The past two Mondays in a row, I’ve heard of teams blocked by GitHub outages. Problems ranged from GitHub Actions timeouts to failures in basic Git operations. There has been a lot of speculation for the systemic cause of this incident uptick. An increase in AI-generated code is an easy theory to grab hold of, but a more tangible smoking gun could be GitHub’s current priority to migrate to Azure. Putting aside the why for a moment, how bad is it really at the moment? And how does it compare to GitHub’s performance in the past?

Like many companies, GitHub has a public status page to keep users updated on known issues and steps being taken to deal with them. I’ve previously held this up as an example of a “loud” status page. “Feeling bad about the number of incidents you’re reporting? See how many GitHub post!”. This can be seen both in a positive and a negative light. Sure, GitHub’s product range experiences a lot of issues, but at the same time, they’ve been great at detecting and reporting on them. Many of the issues posted either have a low severity or a small blast radius, and in my experience as a GitHub user, I’ve rarely actually been impacted directly.

Helpfully, the status page maintains full history, so I figured I might as well scrape it! They didn’t even rate limit me when I did so. Armed with full details of all GitHub’s reported incidents for the past few years, I parsed and organized them into a few csv files and started drawing some graphs.

As a first step, I took a look at weekly incident counts for the past year:

Incidents per week, organized by severity

In this view, the past couple of weeks look high overall, but not shockingly so. We even see a similarly bad week appearing more or less a year ago. Looking at the orange “Critical” incidents, though, we can see that we’re definitely in a period of more impactful incidents. It’s a modest increase though (given the small numbers overall), so why do we feel like things are so much worse right now? There must be another way to slice the data!

One key difference with Monday’s outage was how broad it was, affecting a number of GitHub’s products. On the status page, these are called “components”. To take into account the “breadth” of each incident, I counted each component as a separate incident.

Component-incidents per week

Now we’re getting somewhere! This past week included significantly greater cross-component impact than we’ve seen across the past year.

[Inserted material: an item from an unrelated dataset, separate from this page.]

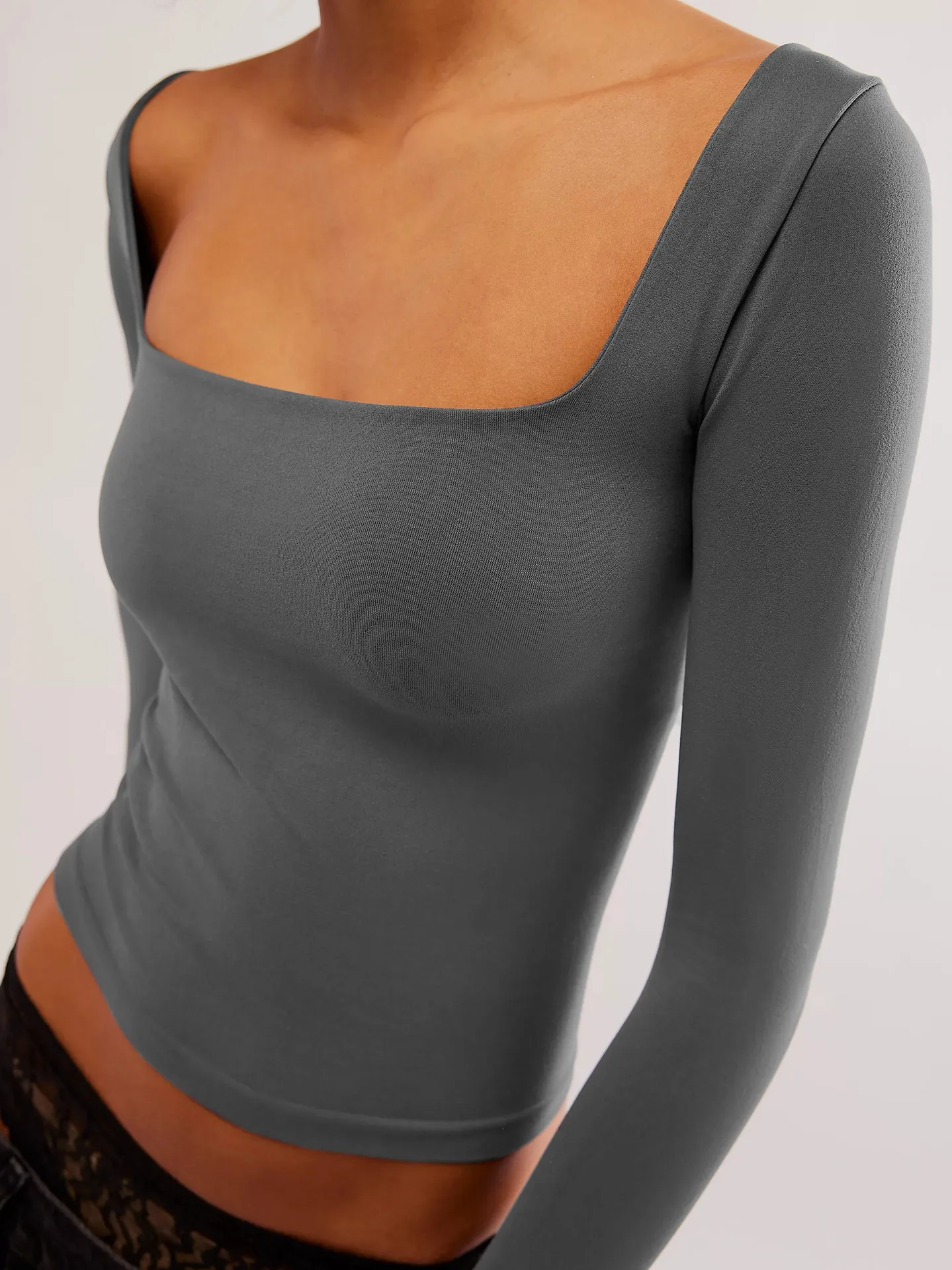 New  Hot T-shirt Solid Color Square Collar Slim-fit Fashion Shoulder Crop Top Elegant High-end All-match Clothes display picture 21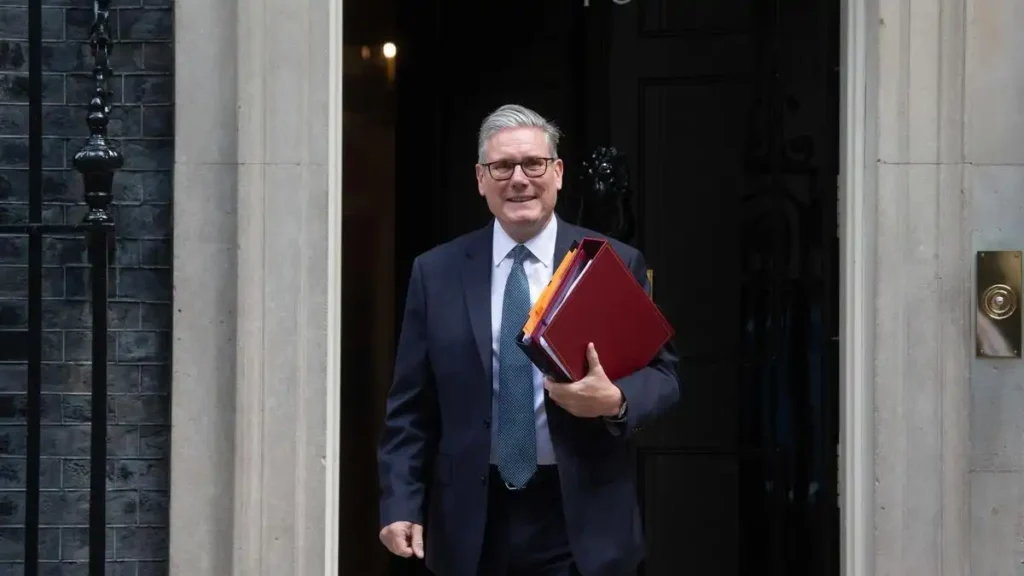 La Lucha Interna del Partido Laborista: Ambiciones y Temores de Keir Starmer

I wondered if GitHub had ever seen this bad a week before, so expanded back over 5 years, adding a few bells and whistles to the chart while I was at it.

The last comparably bad week for incidents was back in May of 2023, and sure enough, GitHub issued a blog post around this time addressing the issues. Looking at the spikes on the weekly average (red dots), 2023 overall was a rough period. Could we be due for another bad year? Maybe, maybe not. The monthly availability report for January should be coming out over the next few days on the GitHub blog, but February’s won’t be out until mid-March. I’ll be keeping an eye out for it for sure.

Of course, this analysis is just looking at raw numbers and doesn’t dig into the described impact or root causes, which would add more color to the counts. But it has been interesting to see the overall trends, and it’s an exercise I’d be inclined to repeat when evaluating new vendors.